America's Fight Over World War II, 1939 - 1941 (2013)
Pearl Harbor also shook FDR from his "Leadership Lethargy", that was the hallmark of his mostly disastrous second term in office. For the first time in over five years, FDR once again became the decisive leader that America needed during a national crisis. Charles Lindbergh gave a terse "we need to be united" radio address, and then disappeared from public view.
The Axis agreement only committed Germany and Italy to declare war on the U.S. if America attacked Japan. Hitler was strongly advised to avoid declaring war against the U.S., but despite outwardly counseling patience for the last several months, he decided that Pearl Harbor was the "incident" for which he had been waiting. In his mind, Japan's attack on Pearl Harbor opened the door to address the many provocations that FDR had committed against Nazi Germany (and him) since the late-1930s.
Instead of demoralizing the U.S. as Japan envisioned, the attack on Pearl Harbor united a divided, fractious America.

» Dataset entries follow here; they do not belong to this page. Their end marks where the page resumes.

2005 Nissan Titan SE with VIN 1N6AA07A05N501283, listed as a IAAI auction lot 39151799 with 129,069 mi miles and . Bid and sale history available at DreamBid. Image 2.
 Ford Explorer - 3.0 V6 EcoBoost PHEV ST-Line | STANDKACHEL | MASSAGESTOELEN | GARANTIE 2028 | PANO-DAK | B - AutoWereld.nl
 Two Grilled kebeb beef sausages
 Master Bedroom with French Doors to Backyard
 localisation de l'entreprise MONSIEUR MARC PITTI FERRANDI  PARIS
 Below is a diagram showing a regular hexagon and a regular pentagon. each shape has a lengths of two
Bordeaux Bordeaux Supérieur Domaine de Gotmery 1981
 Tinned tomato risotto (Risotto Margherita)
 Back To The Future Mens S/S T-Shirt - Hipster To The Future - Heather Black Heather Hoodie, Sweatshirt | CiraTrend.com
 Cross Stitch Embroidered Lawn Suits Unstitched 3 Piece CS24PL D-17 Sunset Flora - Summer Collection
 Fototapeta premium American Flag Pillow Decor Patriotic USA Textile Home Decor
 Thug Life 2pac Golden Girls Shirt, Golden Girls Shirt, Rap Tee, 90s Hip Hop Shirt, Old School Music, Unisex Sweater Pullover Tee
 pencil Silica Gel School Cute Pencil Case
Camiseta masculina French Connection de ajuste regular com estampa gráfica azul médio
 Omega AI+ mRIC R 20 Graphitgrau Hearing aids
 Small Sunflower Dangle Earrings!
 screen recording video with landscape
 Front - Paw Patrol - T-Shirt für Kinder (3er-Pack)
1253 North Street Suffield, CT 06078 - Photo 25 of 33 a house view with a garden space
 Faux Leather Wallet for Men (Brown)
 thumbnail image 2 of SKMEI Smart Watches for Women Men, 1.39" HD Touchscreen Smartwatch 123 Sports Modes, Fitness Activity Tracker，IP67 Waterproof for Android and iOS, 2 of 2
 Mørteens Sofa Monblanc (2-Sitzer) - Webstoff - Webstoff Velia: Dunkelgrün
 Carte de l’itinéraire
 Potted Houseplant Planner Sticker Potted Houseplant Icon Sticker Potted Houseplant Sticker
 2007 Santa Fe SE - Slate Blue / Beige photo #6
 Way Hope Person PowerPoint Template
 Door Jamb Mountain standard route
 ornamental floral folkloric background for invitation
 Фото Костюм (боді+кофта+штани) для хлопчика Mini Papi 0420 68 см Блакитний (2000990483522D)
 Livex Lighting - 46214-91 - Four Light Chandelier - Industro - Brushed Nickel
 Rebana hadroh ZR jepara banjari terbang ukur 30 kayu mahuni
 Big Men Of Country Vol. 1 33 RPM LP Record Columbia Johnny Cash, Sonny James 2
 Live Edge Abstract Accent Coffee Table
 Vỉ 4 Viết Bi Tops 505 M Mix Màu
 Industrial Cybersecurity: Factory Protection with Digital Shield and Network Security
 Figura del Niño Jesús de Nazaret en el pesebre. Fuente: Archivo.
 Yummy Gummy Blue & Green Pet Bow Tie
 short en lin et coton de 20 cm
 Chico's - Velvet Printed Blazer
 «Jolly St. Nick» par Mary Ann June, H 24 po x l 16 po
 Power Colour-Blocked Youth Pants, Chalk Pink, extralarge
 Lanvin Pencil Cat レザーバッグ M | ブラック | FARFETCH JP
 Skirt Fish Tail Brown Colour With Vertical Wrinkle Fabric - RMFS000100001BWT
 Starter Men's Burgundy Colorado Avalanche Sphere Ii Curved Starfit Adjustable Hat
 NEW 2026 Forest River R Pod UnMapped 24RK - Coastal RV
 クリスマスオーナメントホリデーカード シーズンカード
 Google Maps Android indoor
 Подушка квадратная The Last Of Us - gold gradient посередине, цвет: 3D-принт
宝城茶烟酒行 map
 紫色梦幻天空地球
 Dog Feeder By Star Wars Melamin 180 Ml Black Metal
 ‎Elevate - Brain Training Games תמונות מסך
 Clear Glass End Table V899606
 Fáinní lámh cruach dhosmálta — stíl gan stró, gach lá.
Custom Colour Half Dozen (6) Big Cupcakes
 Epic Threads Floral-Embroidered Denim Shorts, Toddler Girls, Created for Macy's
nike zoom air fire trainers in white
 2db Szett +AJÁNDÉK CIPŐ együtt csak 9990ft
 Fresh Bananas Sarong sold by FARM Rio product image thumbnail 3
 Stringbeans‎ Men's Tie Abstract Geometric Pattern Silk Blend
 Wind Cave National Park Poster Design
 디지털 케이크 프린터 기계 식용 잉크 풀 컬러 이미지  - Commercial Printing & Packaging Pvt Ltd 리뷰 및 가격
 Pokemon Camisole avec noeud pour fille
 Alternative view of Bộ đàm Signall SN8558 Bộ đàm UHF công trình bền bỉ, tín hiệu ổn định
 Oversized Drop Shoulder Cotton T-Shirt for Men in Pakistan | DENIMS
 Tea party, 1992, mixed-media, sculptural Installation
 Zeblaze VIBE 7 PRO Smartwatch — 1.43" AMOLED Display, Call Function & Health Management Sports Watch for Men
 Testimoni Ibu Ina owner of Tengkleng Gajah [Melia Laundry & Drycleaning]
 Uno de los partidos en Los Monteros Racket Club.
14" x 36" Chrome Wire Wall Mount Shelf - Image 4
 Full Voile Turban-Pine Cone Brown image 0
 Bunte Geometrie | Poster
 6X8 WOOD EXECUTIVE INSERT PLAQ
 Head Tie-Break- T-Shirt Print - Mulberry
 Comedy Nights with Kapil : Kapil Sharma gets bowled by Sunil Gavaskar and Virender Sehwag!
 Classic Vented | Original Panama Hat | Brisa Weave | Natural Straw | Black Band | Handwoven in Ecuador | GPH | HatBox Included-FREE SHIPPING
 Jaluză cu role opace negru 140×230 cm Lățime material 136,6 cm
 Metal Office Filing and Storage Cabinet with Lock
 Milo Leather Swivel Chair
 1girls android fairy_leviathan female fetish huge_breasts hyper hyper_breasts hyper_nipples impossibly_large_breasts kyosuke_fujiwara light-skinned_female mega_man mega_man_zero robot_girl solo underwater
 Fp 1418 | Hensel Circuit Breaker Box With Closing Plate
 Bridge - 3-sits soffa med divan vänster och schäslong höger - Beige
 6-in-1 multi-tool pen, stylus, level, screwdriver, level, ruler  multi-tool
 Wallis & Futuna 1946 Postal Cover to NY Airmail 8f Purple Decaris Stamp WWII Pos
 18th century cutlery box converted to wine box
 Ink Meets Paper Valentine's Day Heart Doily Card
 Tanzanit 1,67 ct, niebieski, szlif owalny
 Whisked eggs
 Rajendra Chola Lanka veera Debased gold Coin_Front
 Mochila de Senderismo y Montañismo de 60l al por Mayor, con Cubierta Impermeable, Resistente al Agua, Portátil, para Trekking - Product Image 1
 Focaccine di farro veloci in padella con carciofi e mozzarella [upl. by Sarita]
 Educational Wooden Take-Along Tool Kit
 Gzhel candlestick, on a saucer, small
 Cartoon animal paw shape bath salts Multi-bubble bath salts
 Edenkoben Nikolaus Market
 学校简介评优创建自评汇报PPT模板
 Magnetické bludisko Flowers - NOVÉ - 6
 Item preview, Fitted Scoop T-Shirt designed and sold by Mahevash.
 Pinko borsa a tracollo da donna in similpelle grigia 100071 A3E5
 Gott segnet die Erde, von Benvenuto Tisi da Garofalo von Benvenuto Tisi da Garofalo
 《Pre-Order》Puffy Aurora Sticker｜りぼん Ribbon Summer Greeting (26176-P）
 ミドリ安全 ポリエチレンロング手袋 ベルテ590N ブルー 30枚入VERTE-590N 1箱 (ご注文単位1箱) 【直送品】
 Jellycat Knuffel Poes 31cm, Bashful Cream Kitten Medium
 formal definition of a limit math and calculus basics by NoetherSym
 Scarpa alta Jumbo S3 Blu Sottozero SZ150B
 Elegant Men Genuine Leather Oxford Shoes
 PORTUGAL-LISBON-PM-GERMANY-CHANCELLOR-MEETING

Pearl Harbor was like a "Reverse Earthquake", in that everything that was disjointed was put back in place. Pearl Harbor shook FDR out of his lethargy, and once again he became the indispensable leader for an America in crisis. And the economy, almost immediately, became war-oriented instead of consumer-oriented, which was the first step to unleashing our industrial might that would win the war. The nation also became far more conservative during World War II; the overall decrease in civil liberties was the cost.
Ironically, the acrimonious and divisive national debate from 1939 - 1941 (on the role the U.S. should have in the War in Europe) actually prepared America for World War II. The positives and negatives were thoroughly explored and weighed throughout the nation. The U.S. was better prepared for a war spiritually and militarily than at any other time in the nation's history.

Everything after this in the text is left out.